A search plugin for Episerver CMS and Commerce
A version supporting .NET 6+ is available. Contact Kristian Borg for details.
- Typed search
- Wildcard search
- File search
- Range search (numerics and dates)
- Fuzzy search
- Simple querystring search
- Facets
- Filtering
- Best Bets
- More Like This
- Tracking/stats
- Boosting
- Synonyms
- Pagination
- Related hits (did you mean?)
- Autosuggest
- Commerce support
- Highlighting (excerpts)
- Date decay
- Custom scoring
- Stemming
- Index custom types
- Basic authentication support
- Custom http client message handler
- Caching
- Compound word token filter
- Utilize aliases for better downtime management
- Major version reflects Episerver version
- Minor version reflects Elasticsearch version
- .NET 4.7.2+
- Episerver CMS [11, 12>
- Episerver Commerce [11.5,14>
- Elasticsearch [5.6, 9>
- Ingest Attachment Processor Plugin
First of all you need to create your index.
Go to the administration page via the embedded menu Search Engine -> Administration and status, then click the Create indices
button.
This will create one index per language on your site. If you have the Commerce addon installed, additional indices for catalog content will also be created.
A separate index will be created for each active language on your site. If you add more languages later, this process needs to be repeated.
You can configure your setup programmatically with the singleton Epinova.ElasticSearch.Core.Conventions.Indexing
.
Only do this once per appdomain, typically in an initializable module or Application_Start().
A sample configuration class:
public static class SearchConfig
{
public static void Init()
{
Epinova.ElasticSearch.Core.Conventions.Indexing.Instance
.ExcludeType<ErrorPage>()
.ExcludeType<StartPage>()
.ExcludeRoot(42)
.IncludeFileType("pdf")
.IncludeFileType("docx")
.ForType<ArticlePage>().IncludeProperty(x => x.Changed)
.ForType<ArticlePage>().IncludeField(x => x.GetFoo())
.ForType<ArticlePage>().IncludeField("TenYearsAgo", x => DateTime.Now.AddYears(-10))
.ForType<ArticlePage>().EnableSuggestions(x => x.Title)
.ForType<TagPage>().EnableSuggestions()
.ForType<ArticlePage>().EnableHighlighting(x => x.MyField)

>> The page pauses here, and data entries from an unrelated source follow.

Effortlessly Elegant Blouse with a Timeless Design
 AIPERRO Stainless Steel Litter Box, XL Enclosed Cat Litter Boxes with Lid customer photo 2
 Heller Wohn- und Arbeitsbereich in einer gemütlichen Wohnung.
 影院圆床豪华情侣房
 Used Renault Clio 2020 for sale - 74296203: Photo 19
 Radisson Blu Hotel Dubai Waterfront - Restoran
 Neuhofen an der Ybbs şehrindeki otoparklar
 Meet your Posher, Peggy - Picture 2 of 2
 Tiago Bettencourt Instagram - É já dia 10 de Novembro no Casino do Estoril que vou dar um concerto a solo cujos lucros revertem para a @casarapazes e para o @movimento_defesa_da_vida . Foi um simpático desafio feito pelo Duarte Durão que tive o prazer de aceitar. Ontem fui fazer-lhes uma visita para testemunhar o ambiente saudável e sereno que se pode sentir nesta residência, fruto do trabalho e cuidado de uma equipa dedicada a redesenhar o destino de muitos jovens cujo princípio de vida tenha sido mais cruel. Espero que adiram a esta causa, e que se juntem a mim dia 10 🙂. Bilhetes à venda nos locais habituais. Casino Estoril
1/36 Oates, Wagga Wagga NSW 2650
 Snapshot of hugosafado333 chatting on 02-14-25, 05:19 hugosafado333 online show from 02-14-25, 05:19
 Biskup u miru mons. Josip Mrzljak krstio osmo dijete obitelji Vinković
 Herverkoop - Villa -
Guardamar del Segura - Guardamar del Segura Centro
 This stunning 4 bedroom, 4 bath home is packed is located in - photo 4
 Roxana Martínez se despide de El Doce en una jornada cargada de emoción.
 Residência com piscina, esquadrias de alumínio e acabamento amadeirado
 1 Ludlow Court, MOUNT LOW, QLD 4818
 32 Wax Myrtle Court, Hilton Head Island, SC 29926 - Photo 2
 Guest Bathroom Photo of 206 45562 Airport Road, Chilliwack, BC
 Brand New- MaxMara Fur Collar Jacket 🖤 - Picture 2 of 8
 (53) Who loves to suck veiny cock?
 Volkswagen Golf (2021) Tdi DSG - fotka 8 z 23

.ForType<ArticlePage>().StemField(x => x.MyField);
}
}
Explanation of the different options:
ExcludeType
: This type will not be indexed. Base classes and interfaces are also supported. The same can be achieved by decorating your type with ExcludeFromSearchAttribute
ExcludeRoot
: This node and its children will not be indexed. Typically a node-id in the Episerver page-tree.
IncludeFileType
: Defines the extension for file types that should be indexed. See also the <files>
node in the configuration.
ForType
: Starting point for indexing rules of a particular type. Does nothing in itself, but provides access to the following options:
IncludeField
: Defines custom properties to be indexed. For example an extension method that fetches external data or performs complex aggregations.
EnableSuggestions
: Offer autosuggest data from this type, either from all properties or selected ones via a lambda expression.
IncludeProperty
: Same effect as decorating a property with [Searchable]. Can be used if you don't control the source of the model.
EnableHighlighting
: Add additional fields to be highlighted.
StemField
: Defines that a property should be analyzed in the current language. Properties named MainIntro
, MainBody
and Description
will always be analyzed.
The module tries to follow the same conventions as Episerver, meaning that all properties of type string
and XhtmlString
will be indexed unless explicitly decorated with [Searchable(false)]
.
Additional properties can be indexed by decorating them with [Searchable]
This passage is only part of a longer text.